Due to recent interest in the environment, it is being applied to electric vehicles (EVs) and hybrid electric vehicles (HEVs). However, lithium-ion batteries now have low power density, short cycle life and poor safety. Therefore, it is urgent to develop an inexpensive LIB for the EV / HEV market which requires high power density and excellent cycle stability.

Recently, spinel Li ₄ Ti ₅ O _{1 2} (LTO) material has been attracting attention because it can be applied to cathode material of high power secondary battery. Unlike the carbon material generally used, LTO is stable and has high operating voltage (1.55-1.56 V vs. Li / Li +), the reduction reaction of the electrolyte is suppressed and lithium metal (dendrite) is not deposited, which is safe.

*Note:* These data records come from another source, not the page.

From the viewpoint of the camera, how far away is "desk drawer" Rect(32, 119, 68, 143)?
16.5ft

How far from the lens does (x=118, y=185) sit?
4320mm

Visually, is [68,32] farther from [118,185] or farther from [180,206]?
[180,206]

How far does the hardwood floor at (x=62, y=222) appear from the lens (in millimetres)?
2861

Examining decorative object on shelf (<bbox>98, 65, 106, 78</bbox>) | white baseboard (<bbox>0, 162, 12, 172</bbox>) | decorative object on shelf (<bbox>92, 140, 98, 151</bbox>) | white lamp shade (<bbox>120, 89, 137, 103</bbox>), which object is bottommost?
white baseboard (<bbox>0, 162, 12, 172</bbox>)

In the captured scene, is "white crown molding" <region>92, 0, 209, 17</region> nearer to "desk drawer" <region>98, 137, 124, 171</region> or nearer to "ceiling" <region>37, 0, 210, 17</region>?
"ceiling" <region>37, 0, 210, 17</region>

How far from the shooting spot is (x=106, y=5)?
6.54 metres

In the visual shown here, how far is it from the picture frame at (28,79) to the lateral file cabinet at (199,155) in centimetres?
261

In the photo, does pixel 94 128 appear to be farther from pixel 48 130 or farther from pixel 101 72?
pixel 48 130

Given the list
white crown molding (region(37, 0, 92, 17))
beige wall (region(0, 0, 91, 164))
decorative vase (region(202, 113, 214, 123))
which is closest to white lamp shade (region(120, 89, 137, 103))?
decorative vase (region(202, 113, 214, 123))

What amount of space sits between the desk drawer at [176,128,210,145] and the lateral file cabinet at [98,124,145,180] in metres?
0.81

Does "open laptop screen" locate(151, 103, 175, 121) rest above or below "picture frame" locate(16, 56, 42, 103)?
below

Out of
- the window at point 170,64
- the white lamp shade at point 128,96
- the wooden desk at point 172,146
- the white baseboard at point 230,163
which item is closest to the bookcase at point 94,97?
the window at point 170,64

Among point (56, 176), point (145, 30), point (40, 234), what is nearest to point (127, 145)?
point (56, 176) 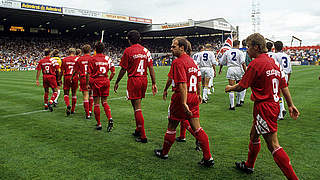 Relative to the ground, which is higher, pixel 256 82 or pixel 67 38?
pixel 67 38

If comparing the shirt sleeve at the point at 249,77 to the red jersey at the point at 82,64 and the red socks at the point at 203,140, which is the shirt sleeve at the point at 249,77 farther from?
the red jersey at the point at 82,64

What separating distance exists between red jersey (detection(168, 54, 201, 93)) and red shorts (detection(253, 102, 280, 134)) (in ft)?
3.45

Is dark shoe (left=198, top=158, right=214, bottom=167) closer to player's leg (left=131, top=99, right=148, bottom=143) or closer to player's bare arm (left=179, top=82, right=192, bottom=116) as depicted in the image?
player's bare arm (left=179, top=82, right=192, bottom=116)

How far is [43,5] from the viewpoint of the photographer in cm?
3931

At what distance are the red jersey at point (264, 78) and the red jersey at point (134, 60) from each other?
243cm

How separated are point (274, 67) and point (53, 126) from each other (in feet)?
18.2

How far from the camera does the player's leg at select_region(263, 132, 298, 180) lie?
296cm

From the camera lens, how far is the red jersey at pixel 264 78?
3.11m

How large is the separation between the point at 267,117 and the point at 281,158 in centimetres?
51

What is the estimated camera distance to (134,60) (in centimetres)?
505

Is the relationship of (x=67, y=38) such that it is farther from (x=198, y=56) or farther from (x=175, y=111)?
(x=175, y=111)

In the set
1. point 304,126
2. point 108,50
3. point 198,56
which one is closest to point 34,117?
point 198,56

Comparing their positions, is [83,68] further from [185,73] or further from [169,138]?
[185,73]

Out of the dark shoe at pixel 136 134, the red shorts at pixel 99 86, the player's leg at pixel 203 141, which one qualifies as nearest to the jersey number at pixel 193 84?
the player's leg at pixel 203 141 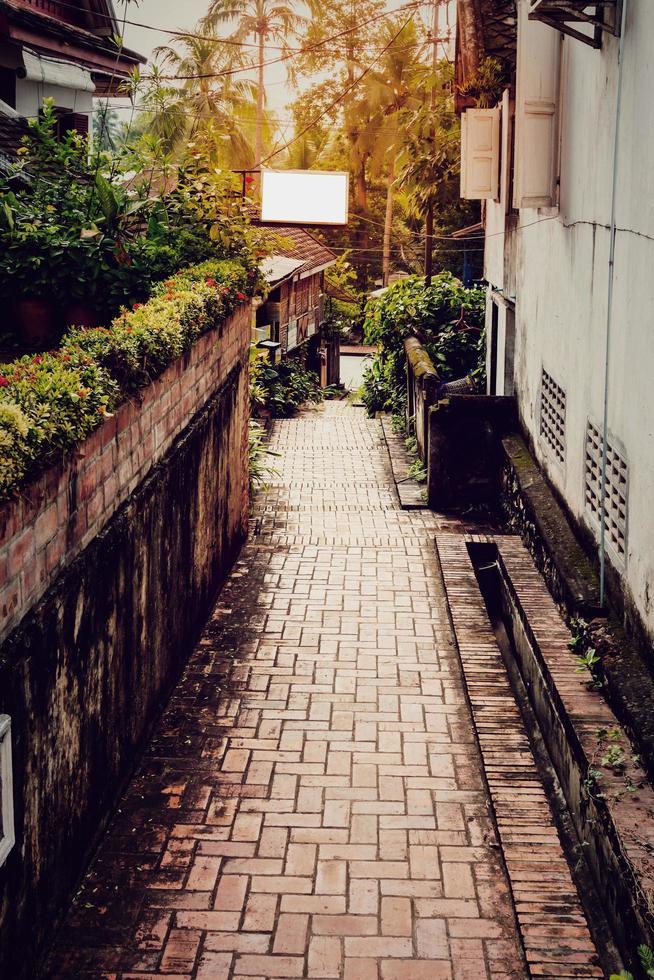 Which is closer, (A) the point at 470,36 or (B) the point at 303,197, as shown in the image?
(A) the point at 470,36

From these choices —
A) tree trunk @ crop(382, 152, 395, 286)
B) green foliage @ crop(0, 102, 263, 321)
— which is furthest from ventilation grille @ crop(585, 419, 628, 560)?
tree trunk @ crop(382, 152, 395, 286)

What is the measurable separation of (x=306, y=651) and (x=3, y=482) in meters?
4.42

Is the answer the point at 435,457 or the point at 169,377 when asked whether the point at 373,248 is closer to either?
the point at 435,457

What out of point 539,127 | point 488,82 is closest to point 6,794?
point 539,127

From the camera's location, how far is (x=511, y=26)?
10859mm

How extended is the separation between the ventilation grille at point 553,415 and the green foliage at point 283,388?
350 inches

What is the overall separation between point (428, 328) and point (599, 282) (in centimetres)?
1047

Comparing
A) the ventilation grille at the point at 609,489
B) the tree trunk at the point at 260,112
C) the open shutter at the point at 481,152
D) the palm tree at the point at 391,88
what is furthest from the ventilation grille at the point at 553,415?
the palm tree at the point at 391,88

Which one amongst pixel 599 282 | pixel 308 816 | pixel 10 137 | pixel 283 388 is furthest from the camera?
pixel 283 388

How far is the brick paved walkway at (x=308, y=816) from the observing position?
4.29 meters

Particularly, a three-dimensional structure is maintained during lithium intercalation / de-intercalation reaction, and a volume change exhibits excellent cycle characteristics of less than 0.1%.

However, since LTO has low output characteristics due to low conductivity for electrons and lithium ions, many researches on development of nano-LTO materials have recently been conducted in order to overcome this problem. In LTO nanoparticles, lithium ion diffusion distance is shortened, This is because charge / discharge rate characteristics are improved.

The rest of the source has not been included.